Government Stimulus For Small Business
Small businesses, so they say, provide jobs for more than half of all U.S. employees, pay 44% of this country’s total private payroll and have created more than 60% of new U.S. jobs over the past 15 years.
So when I received six letters in the mail yesterday from the IRS, I figured they were probably refund checks resulting from a shrewd congressional plan to provide a direct financial stimulus to the people who actually power America’s economic engine, as opposed to giant corporations who are so patriotic they’ll happily move their headquarters to the Cayman Islands to avoid paying their share of a U.S. tax burden that then falls more heavily on us.
Actually, I am far too cynical to expect good news from the IRS. So I wasn’t disappointed when it turned out the six letters were four-page notices telling me that they knew that I hadn’t filed a 941 Employer’s Quarterly Federal Tax Return, that I must do so immediately and include all the money I owed them plus penalties and interest, or else fill out a form including my excuses for why I hadn’t done so.

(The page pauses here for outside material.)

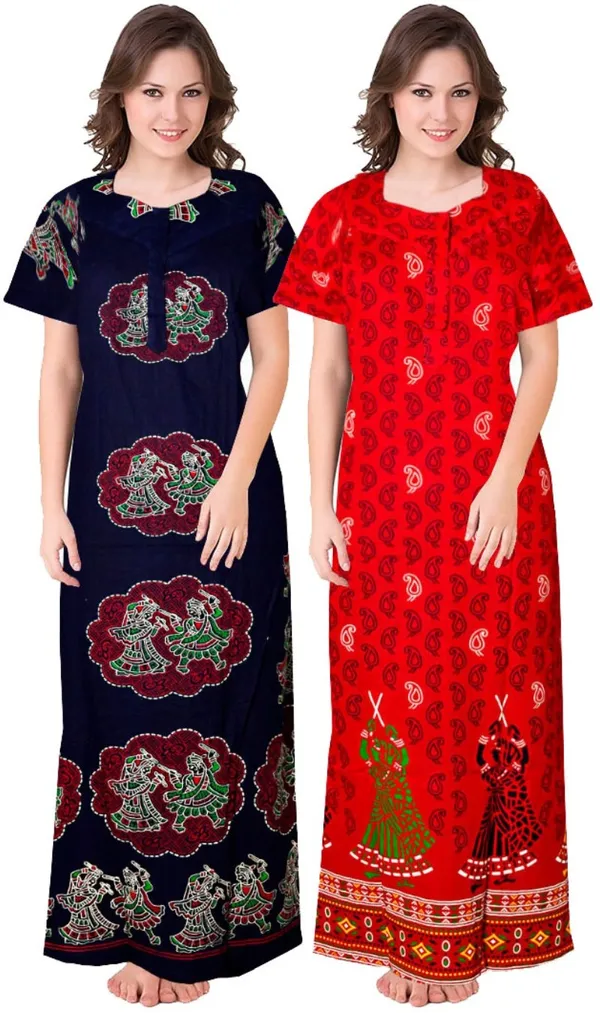 Pack_of_2_Pure_Cotton_Printed_Nighty_For_Women_|_Blue_&_Red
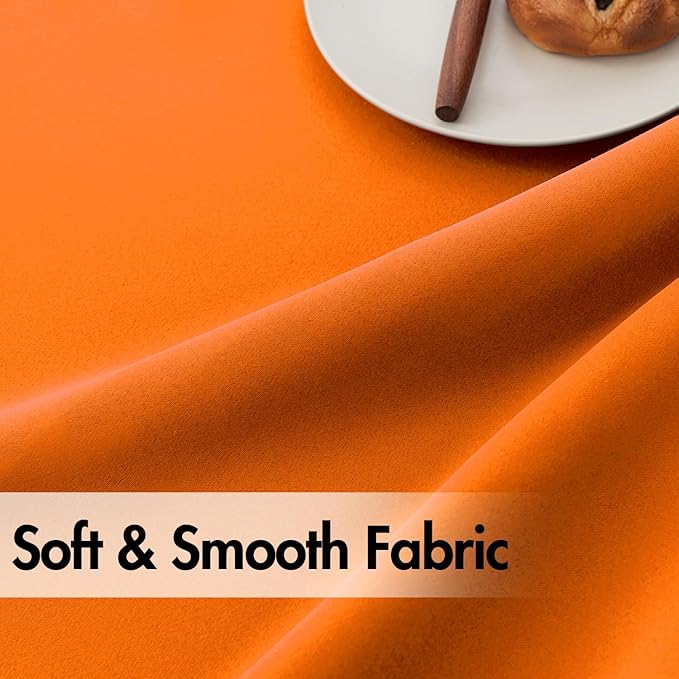 ANRODUO Back Tab Blackout Curtains for Bedroom Living Room, Rod Pocket Pinch Pleated Thermal Insulated Room Darkening Curtains 90 Inches Long 2 Panels, Orange, 42 x 90 Inch-CubbioJoy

Each notice was identical except that each covered a separate calendar quarter, beginning with the last quarter of 2008. Each notice included a copy of a pamphlet detailing My Rights as a Taxpayer, a copy of the official IRS Privacy Policy and a return envelope whose postage was not paid. They could have included all the same information in a single envelope by stating that I hadn’t filed a 941 return for the following quarters, and then simply enumerated them, but apparently that wouldn’t have wasted enough taxpayer money.

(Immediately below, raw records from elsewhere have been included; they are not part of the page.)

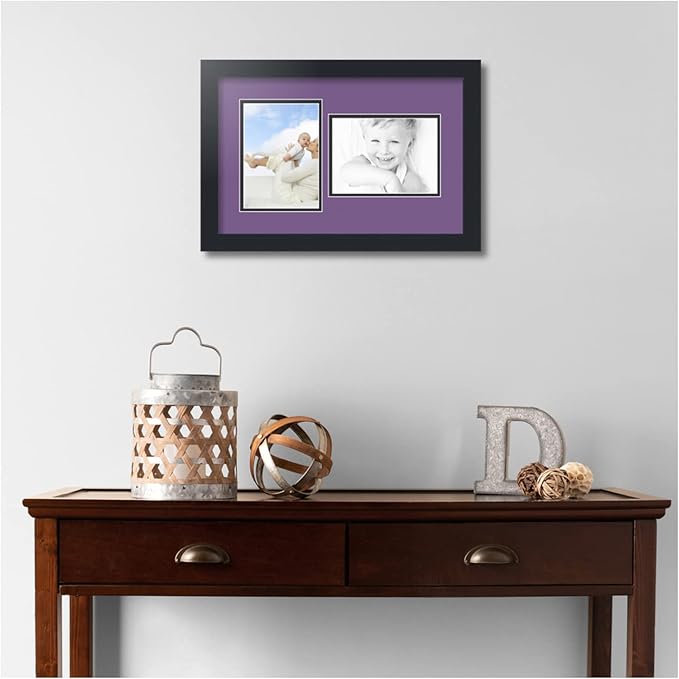 ArtToFrames Collage Photo Frame Double Mat with 2 - 5x7 Openings and Satin Black Frame
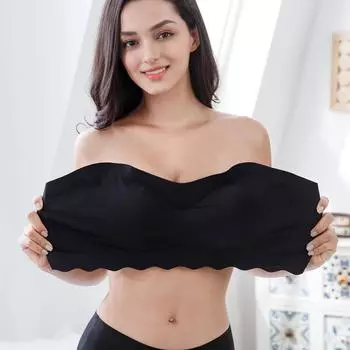 Женское нижнее белье большого размера без бретелек, тонкий, не провисающий, с красивой спинкой, нескользящий топ без бретелек 75B чёрный
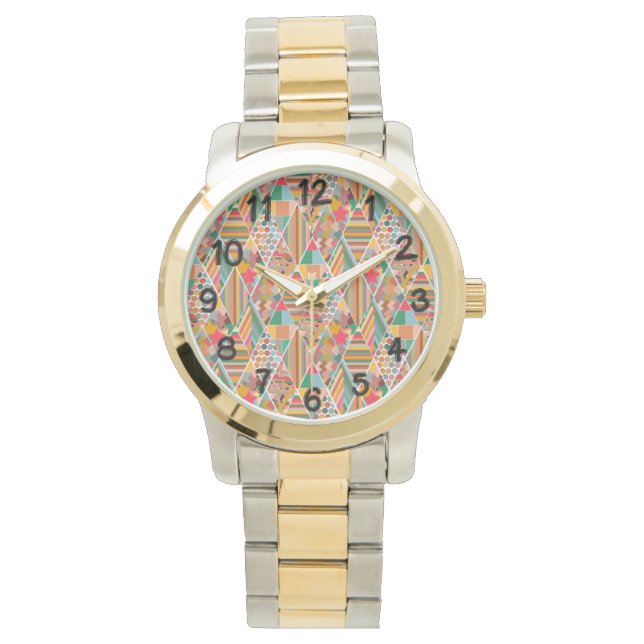 Boho Crazy Quilt Horloge (Voorkant)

So here’s the thing: I was quite aware that I hadn’t filed a 941 return on behalf of my company for the past six quarters. That’s because a 941 return shows how much money a company pays out to its employees for payrolls, and how much taxes it has collected on behalf of the IRS. And my company has not had any employees since 2007, the same year I sold the company’s operations, changed the company name and went into an entirely new business, which I am able to operate myself, without benefit of employees.

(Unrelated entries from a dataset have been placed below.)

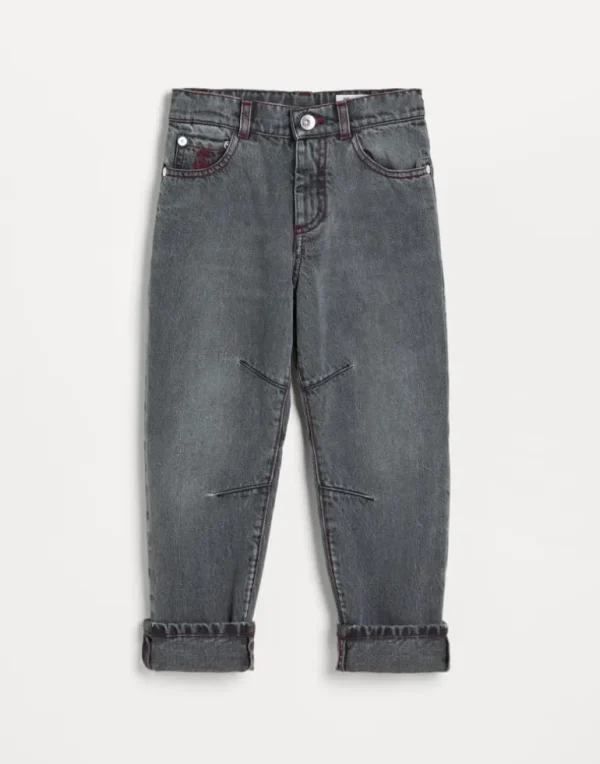 Greyscale denim trousers with contrast stitching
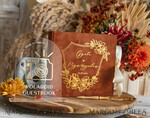 WEDDING GUEST BOOKS Velvet Instax Guestbook terracotta Gold Presonalised Wedding Guest Book and arch acrylic Instax Sign, Velvet Memory Photo Booh Book and Clear Sign Set  Fall Wedding, Polaroid velvet Guest book & Plexi Instax Sign set29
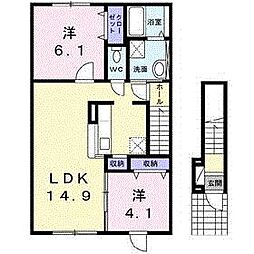 ベル・メゾン 2LDKの間取図画像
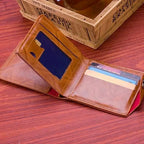 Men's Wallets Retro Dollar Pattern Hasp Male Leather Wallet Card Photo Holder Layer Fashion Large Capacity PU Men's Short Wallet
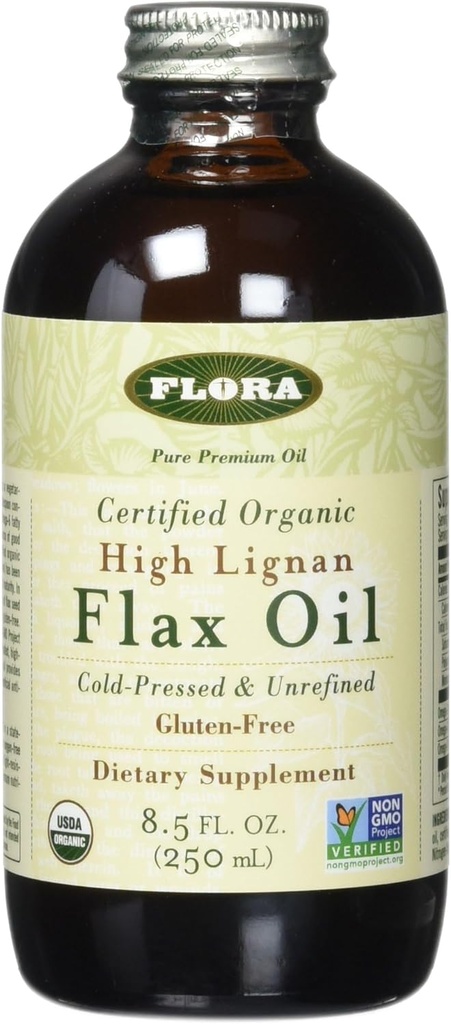 Flora Organic Flax High Lignan Oil 17 oz - Cold Pressed & Uraffineret - Ikke GMO & Gluten Free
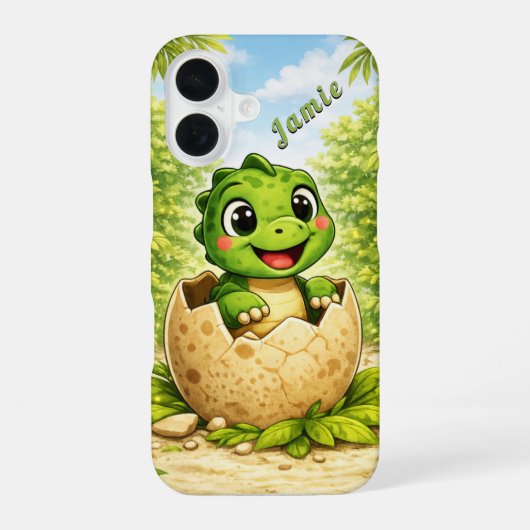 かわいい赤ちゃん恐竜の幼児 iPhone 16ケース (裏面)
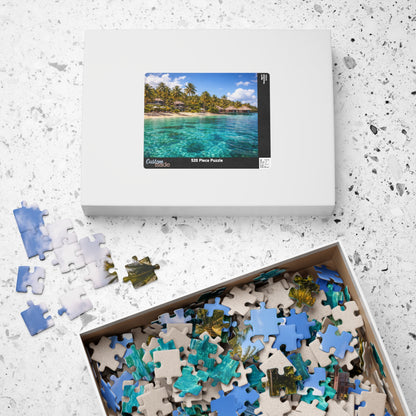 Tropical Lagoon Resort Puzzle | Overwater Bungalows & Turquoise Sea Jigsaw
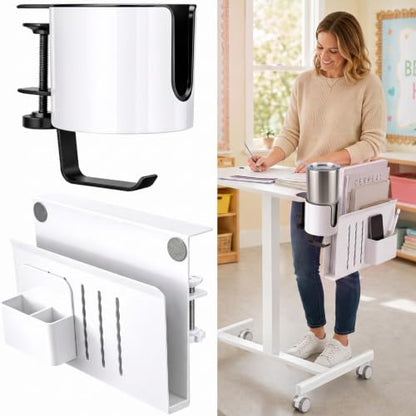 Roowest 2 Pcs Teacher Rolling Desk Accessories Cup Holder & Desk-side Storage Organizer Teacher Classroom Standing Desk Organizer White Laptop Holder with 2-layer Anti-spill Under Mug Hook, Heavy Duty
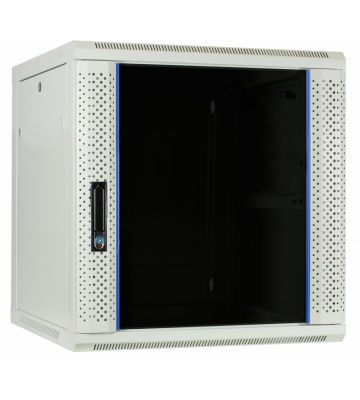Baie murale blanche 12U avec porte en verre 600x600x635mm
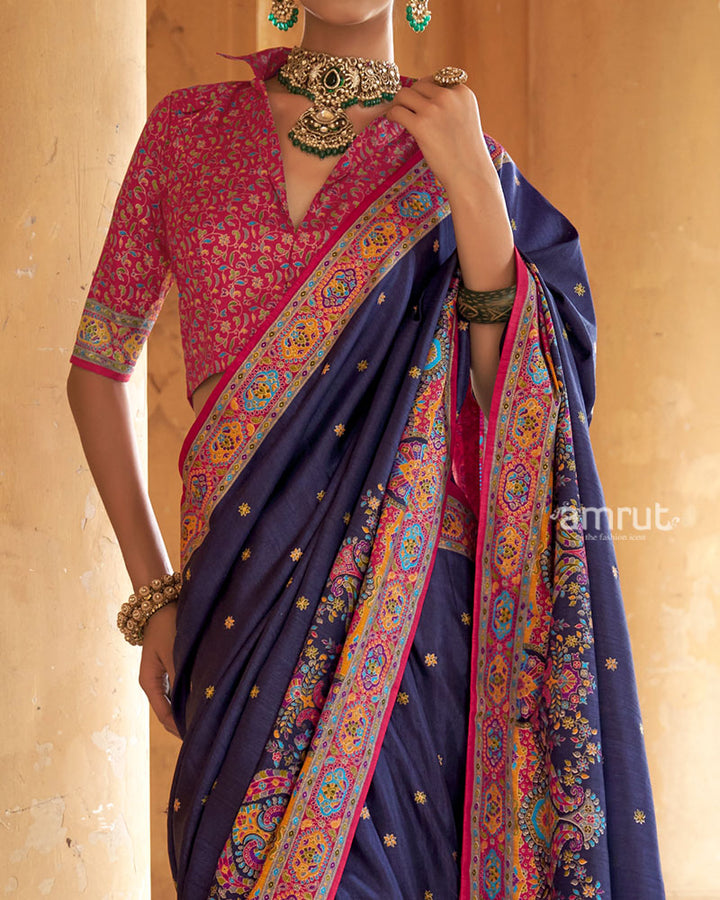 Indigo Floral Printed Olive green Border Saree with Unstitched Blouse 03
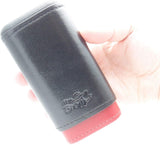 Spanish Cedar and Leather Robusto Cigar Case - Authentic Full Grade Buffalo Hide Leather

The IRS knows this, or would if it simply checked its own records. But instead, some government computer algorithm probably made a list of all small businesses that used to pay payroll taxes but no longer were doing so, and automatically sent out notices to each business, one per affected quarter, under the assumption that collecting delinquent payment from a small fraction of scofflaws would make up for the cost of mailing out scare notices to the majority of business owners who hadn’t filed payroll tax returns because they no longer had payrolls.
I personally enjoyed filling out the same form six times, and checking the same box saying I had no employees during the period covered by the notice, signing my name six times and updating all my telephone numbers six times, then folding the return forms backwards so the IRS address would show in the envelope window, sealing the six envelopes and putting six stamps that my company paid for on the six envelopes, thereby discovering I had used the last of the stamps and had to drive across town to the post office to buy more stamps because I had a due bill that needed to be mailed the next day.
So all in all, I spent more than an hour dealing with the wonderful multiple missives from our National Collection Agency – an hour I otherwise could have applied to billable work, or at least the pursuit of new billable work.
As an American small-business owner, I can say it’s really swell to be appreciated.